Feeding cows a few ounces of seaweed daily could sharply reduce their contribution to climate change
Methane is a short-lived but powerful greenhouse gas and the second-largest contributor to climate change after carbon dioxide. And the majority of human-induced methane emissions comes from livestock.
About 70% of agricultural methane comes from enteric fermentation – chemical reactions in the stomachs of cows and other grazing animals as they break down plants. The animals burp out most of this methane and pass the rest as flatulence.
There are roughly 1 billion cattle around the world, so reducing enteric methane is an effective way to reduce overall methane emissions. But most options for doing so, such as changing cows’ diets to more digestible feed or adding more fat, are not cost-effective. A 2015 study suggested that using seaweed as an additive to cattle’s normal feed could reduce methane production, but this research was done in a laboratory, not in live animals.

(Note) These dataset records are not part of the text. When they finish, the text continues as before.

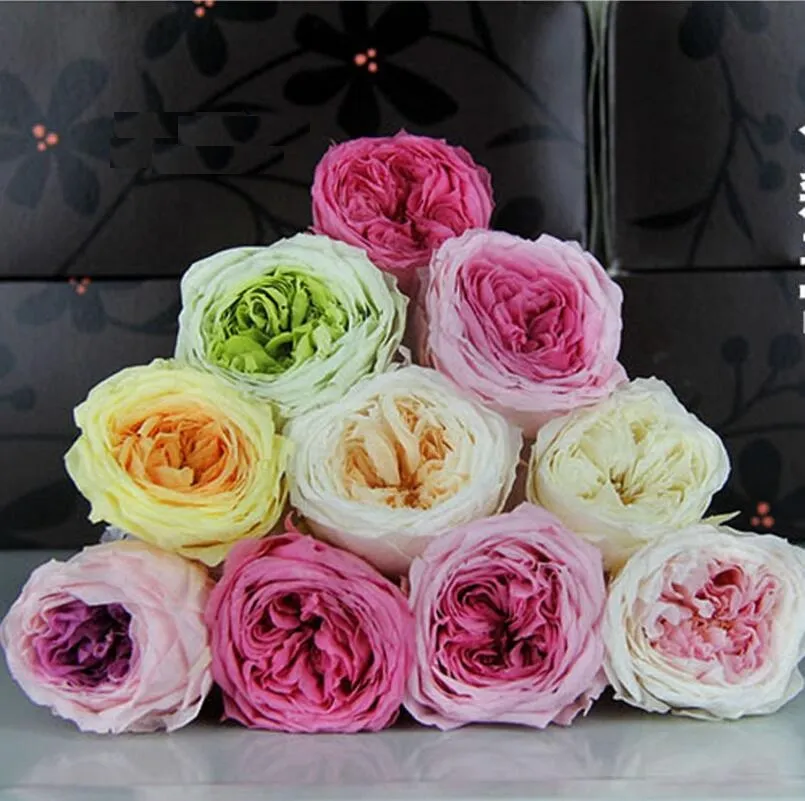 8 pièces 4-5cm fleur préservée Austin Rose tête de bourgeon pour la fête de mariage vacances anniversaire jour de Velentine cadeau faveur
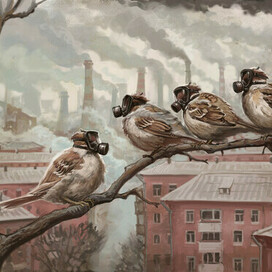 Sparrows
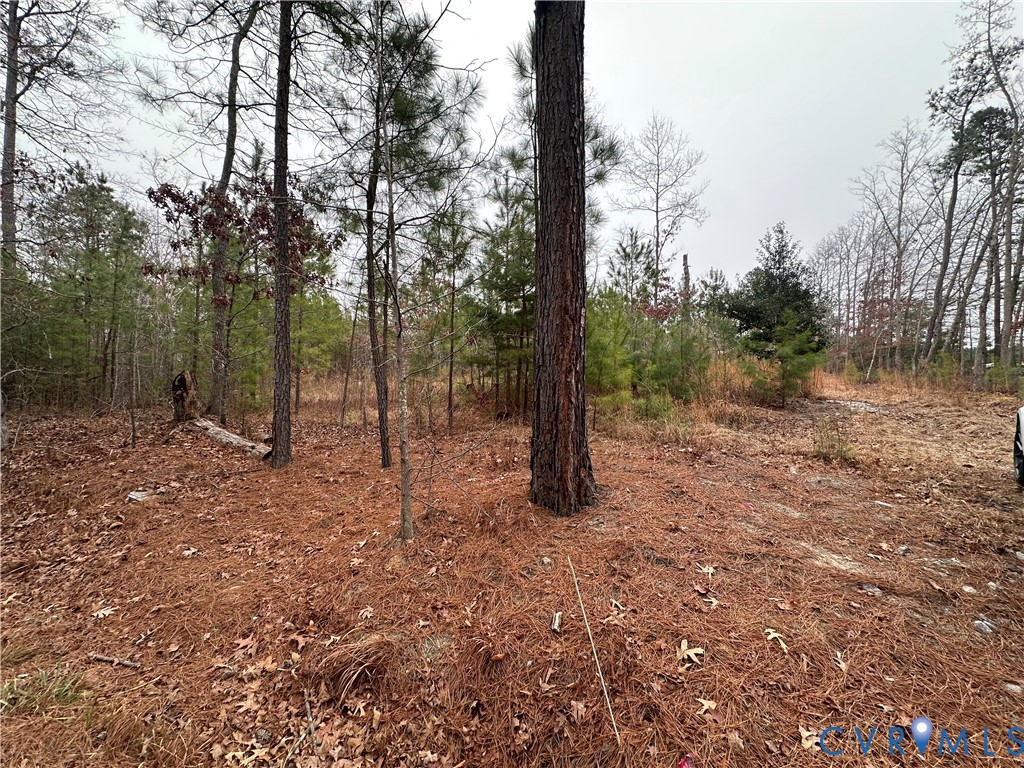 10121 Beaver Bridge Road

We study sustainable agriculture, focusing on livestock. In a newly published study, we show that using red seaweed (Asparagopsis) as a feed supplement can reduce both methane emissions and feed costs without affecting meat quality. If these findings can be scaled up and commercialized, they could transform cattle production into a more economically and environmentally sustainable industry.
For the study, we added 1.5 to 3 ounces of seaweed per animal daily to 21 beef cows’ food for 21 weeks. As with most new ingredients in cattle diets, it took some time for the animals to get used to the taste of seaweed, but they became accustomed to it within a few weeks.
As we expected, the steers released a lot more hydrogen – up to 750% more, mostly from their mouths – as their systems produced less methane. Hydrogen has minimal impact on the environment. Seaweed supplements did not affect the animals’ carbon dioxide emissions.